At the other end was Embassy Suites with a com­pletely inter­ac­tive expe­ri­ence that pro­moted the dif­fer­en­ti­at­ing ameni­ties they offer.

Nor­mally I am the type of Web surfer that rarely spends much time notic­ing or inter­act­ing with adver­tis­ing unless the goal is to exam­ine the adver­tise­ment itself.  While I have many friends who hap­pily admit to play­ing the Flash games in adver­tise­ments, I’ve never felt com­pelled to catch the DVDs fly­ing through the air.  There­fore, either of the ads shown above would nor­mally have the same impact on me if I was just on the web read­ing a news arti­cle or pur­chas­ing a product.

How­ever, in the con­text of watch­ing a TV show in an inter­ac­tive player, I thought the Embassy Suites adver­tise­ment was a per­fectly rel­e­vant expe­ri­ence that took the medium into con­sid­er­a­tion.  Since I was already engaged inside my view­ing expe­ri­ence and had the req­ui­site 30 sec­onds to kill before the next seg­ment aired, I fig­ured, “Sure, I’ll click to play race­car for half a minute.”

It made me think about how impor­tant it is to fac­tor your customer’s con­text into any expe­ri­ence that you are try­ing to cre­ate.  For exam­ple, in the case of the player, it makes a lot of sense to try adver­tise­ments with inter­ac­tion and sound because the user’s vol­ume is prob­a­bly not muted and they are actively in front of their com­puter.  How­ever, I’ve seen many cus­tomers run tests on their sites pit­ting rich media con­tent against sta­tic images and the lat­ter wins more often than not.  That makes sense because the user’s con­text is entirely dif­fer­ent.  Once I am on a site with a goal in mind, whether it’s to pur­chase some­thing or fill out a form for more infor­ma­tion, I often find rich media to be a dis­trac­tion.  I don’t want to wait for it to load and I don’t want sound to play inad­ver­tently because I for­got to mute the volume.

Does all this mean that I think Bene­fiber made a mis­take with their sta­tic brand­ing ad?  Not nec­es­sar­ily, I just think that they might not have got­ten the full bang for their buck.  (I imag­ine that it wasn’t a cheap buck either!)  I’d love to see some­body test their in-player adver­tise­ment and prove me right or wrong.  In fact, I’ll throw a test idea out there.  Design 4 dif­fer­ent vari­a­tions that span the gra­di­ent from sim­ple, sta­tic image to inter­ac­tive Flash with sound.  These types of tests are great because they answer a spe­cific ques­tion so that you’re sure to get learn­ings regard­less of which ver­sion is ulti­mately the winner.

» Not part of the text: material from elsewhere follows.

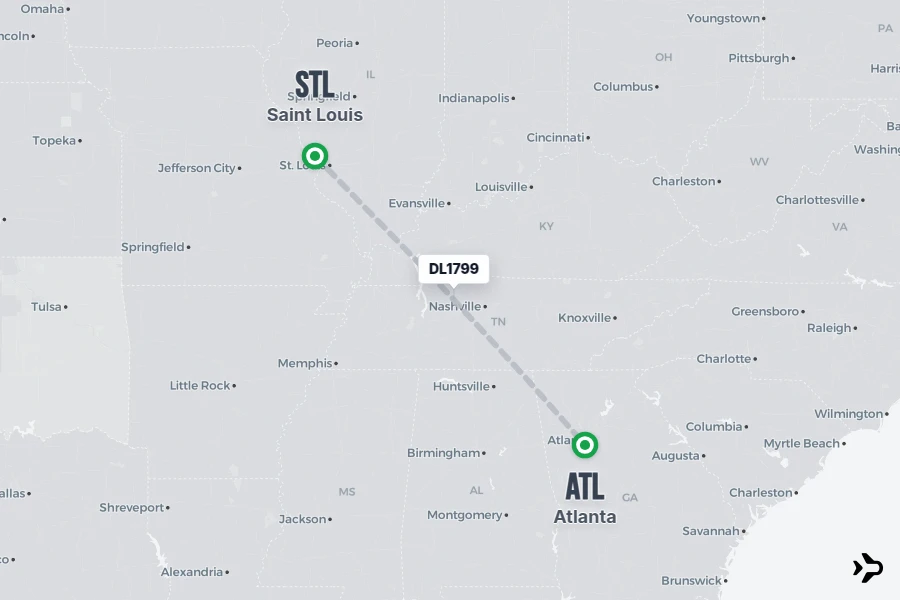 DL1799 flight map from STL to ATL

In emerg­ing plat­forms like social net­works, wid­gets, media play­ers and mobile devices, I would ven­ture to say that it is espe­cially impor­tant to test your con­tent, if only to bet­ter under­stand the mind­set of your cus­tomer and the nuances of the plat­form.  Just as tra­di­tional news­pa­per edi­tors couldn’t throw their arti­cles online and call it a day, we as online mar­keters and adver­tis­ers can’t repur­pose con­tent from one plat­form to another and be sat­is­fied that we’ve com­pleted our jobs either.